Segment Start: DATA EXTRACT
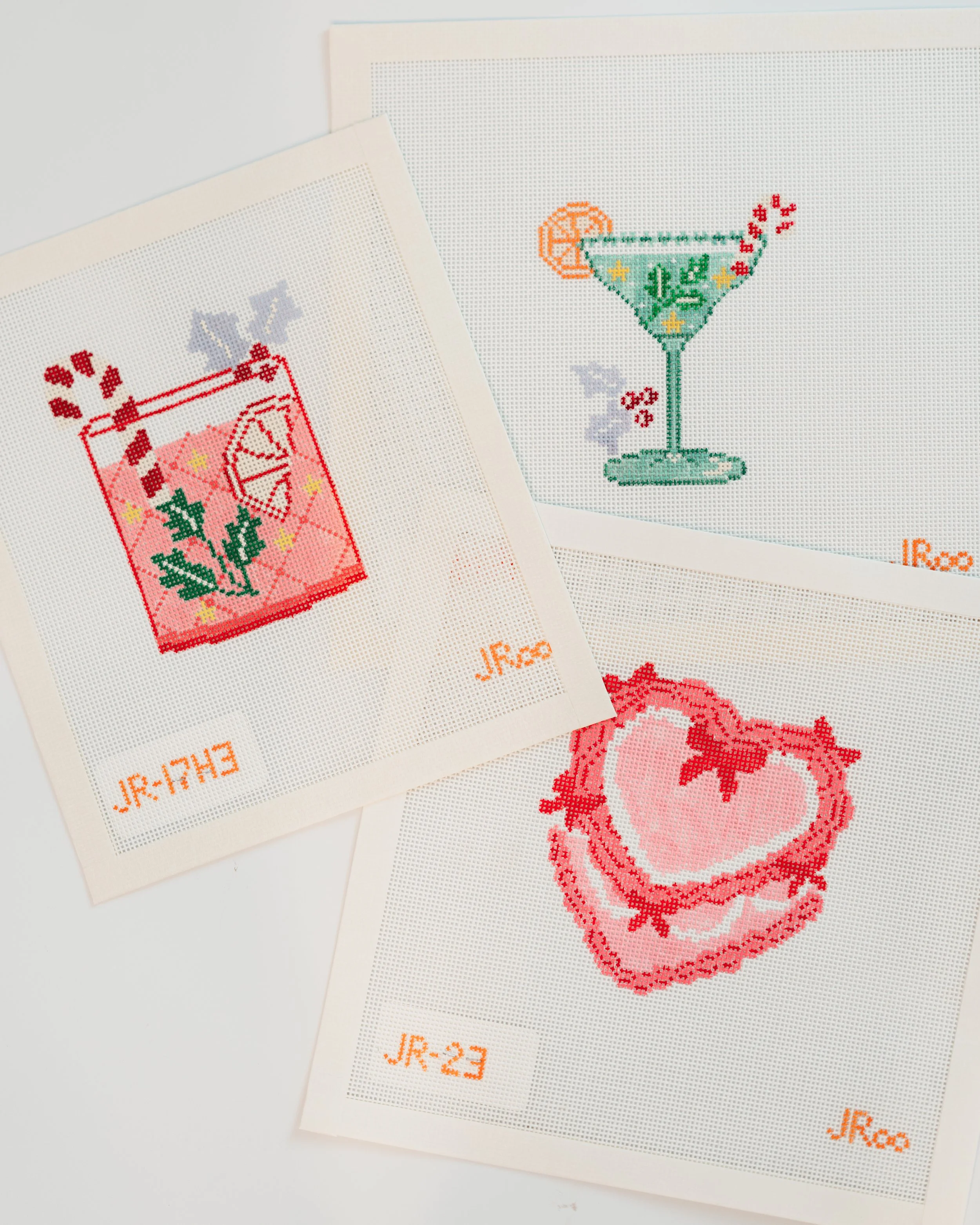 Two pieces of cross-stitch embroidery on white fabric, featuring colorful images of a cocktail glass with a slice of lemon and a cherry, and a red heart with a pearl necklace design, marked with orange thread labels 'Jr-23' and 'Jr-24'.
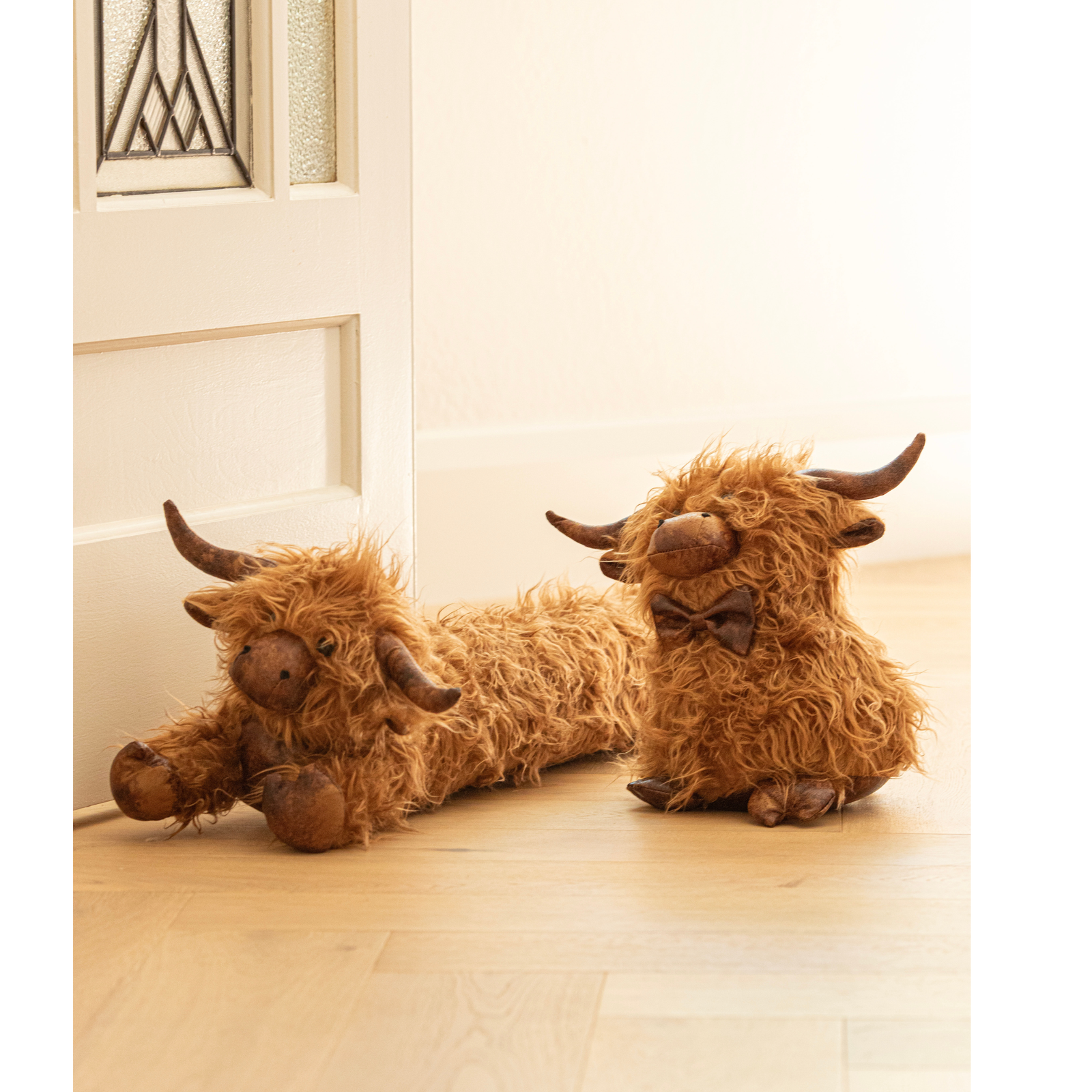 Two fluffy brown yak-shaped slippers on a wooden floor.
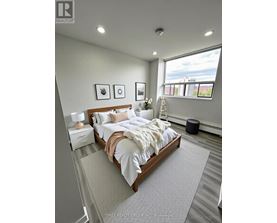 A bedroom with a large bed and a window overlooking a cityscape.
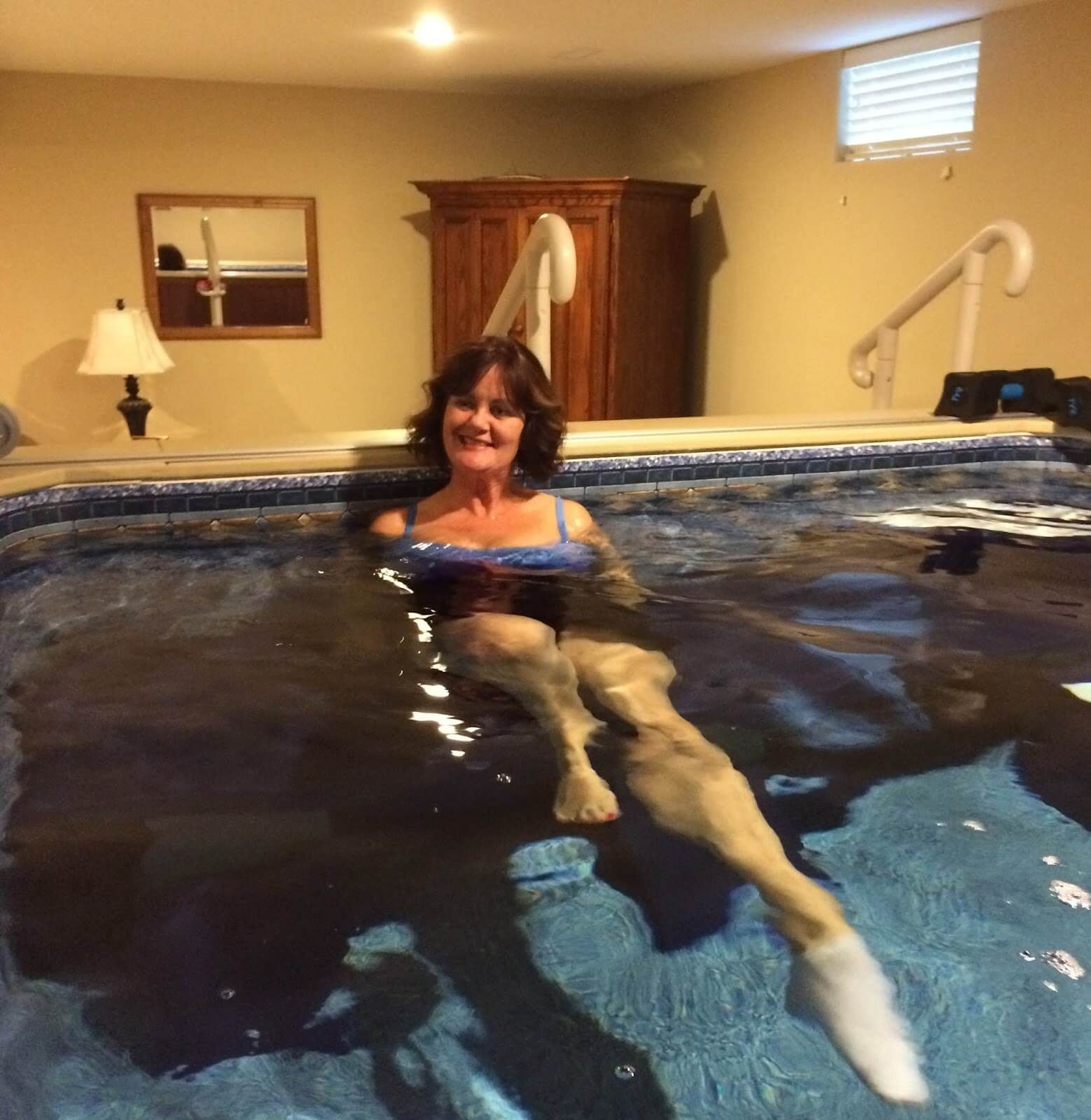 Deborah doing aquatic therapy exercises in her Endless Pools WaterWell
Segment End: DATA EXTRACT
### YOUR ASSIGNMENT:
Could you retype the whole listing word for word, minus its pictures?

### SOLUTION FOR THIS EXERCISE:
 Two pieces of cross-stitch embroidery on white fabric, featuring colorful images of a cocktail glass with a slice of lemon and a cherry, and a red heart with a pearl necklace design, marked with orange thread labels 'Jr-23' and 'Jr-24'.
 Two fluffy brown yak-shaped slippers on a wooden floor.
 A bedroom with a large bed and a window overlooking a cityscape.
 Deborah doing aquatic therapy exercises in her Endless Pools WaterWell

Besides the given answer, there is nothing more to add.